Lo que muchos ignoran es que nunca se torea con él. No está hecho para el combate, sino para el respeto. Es la prenda que viste el torero cuando aún no se ha cruzado con la muerte, pero ya se le ha presentado. En el paseíllo, durante la vuelta al ruedo, o al despedirse de una plaza importante, el capote de paseo es el estandarte que habla de la seriedad del compromiso. Y es que, como decía Domingo Ortega, “el toreo es grandeza… y la grandeza se viste con decoro”.
Pero el capote de paseo no solo se lleva, también se comparte.
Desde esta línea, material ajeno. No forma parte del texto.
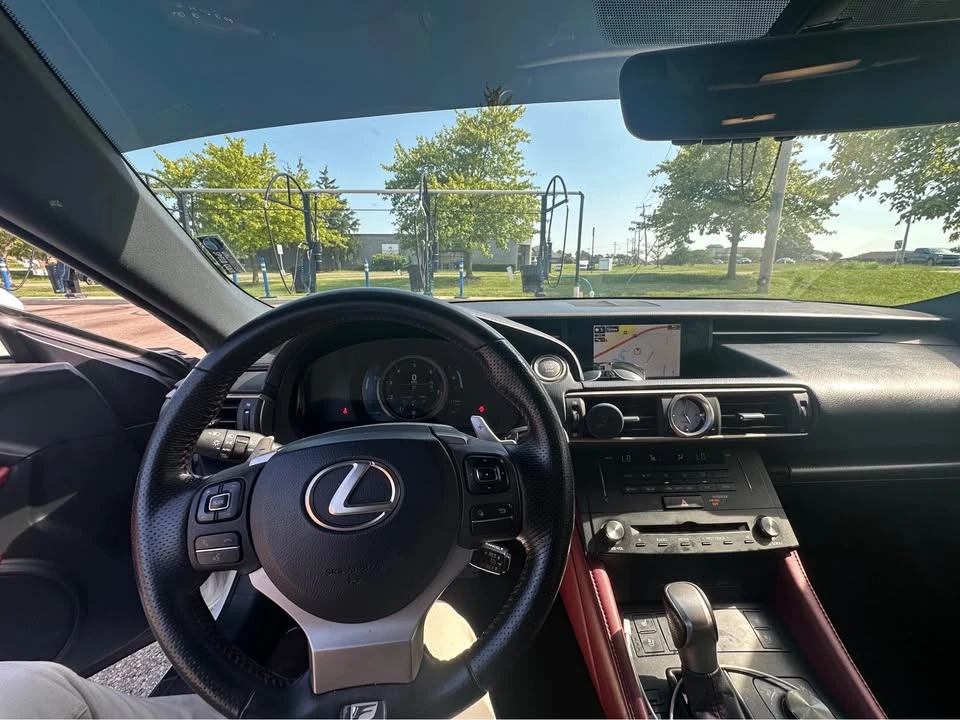 2015 Lexus RC - Image 12 of 13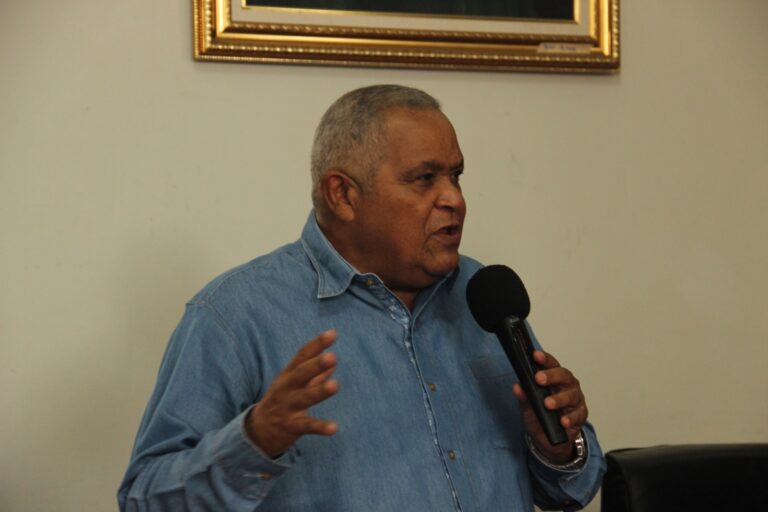 Exponen ante el Legislativo fallas en servicio telefónico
Hay una tradición entrañable que, por desgracia, va desapareciendo: el que un torero ceda su capote de paseo para adornar las barreras de sol. Ver uno de estos capotes desplegado sobre la madera de una barrera es un deleite estético y un gesto de complicidad con la afición. Es un honor que un torero te confíe esa prenda que lleva cerca del corazón. Hoy, en la corrida de la prensa, solo dos capotes lucieron en las barreras de sol. Dos apenas, cuando hace no tanto era habitual que el tendido se engalanara con varios, cada uno con su propia historia, cada uno con su carga simbólica.
Esos capotes bordados que hoy casi no se ven eran parte del color, del rito, del alma misma de la plaza. Eran una forma más de rendir tributo a la belleza de la fiesta. Ojalá no se pierda del todo esa costumbre. Ojalá volvamos a ver barreras vestidas con seda y oro, como altares profanos que enmarcan el milagro del toreo.
En estos tiempos donde la prisa y la banalidad amenazan incluso a la tauromaquia, el capote de paseo resiste como una bandera de dignidad y solemnidad. Representa lo que no debe perderse: el respeto por el público, por la historia, por el toro, y por uno mismo.
Quien entienda eso, entiende mucho de lo que es el toreo. Porque en esta fiesta —tan honda como incomprendida— todo lo esencial no se torea, se honra. Y el capote de paseo es una de esas cosas esenciales.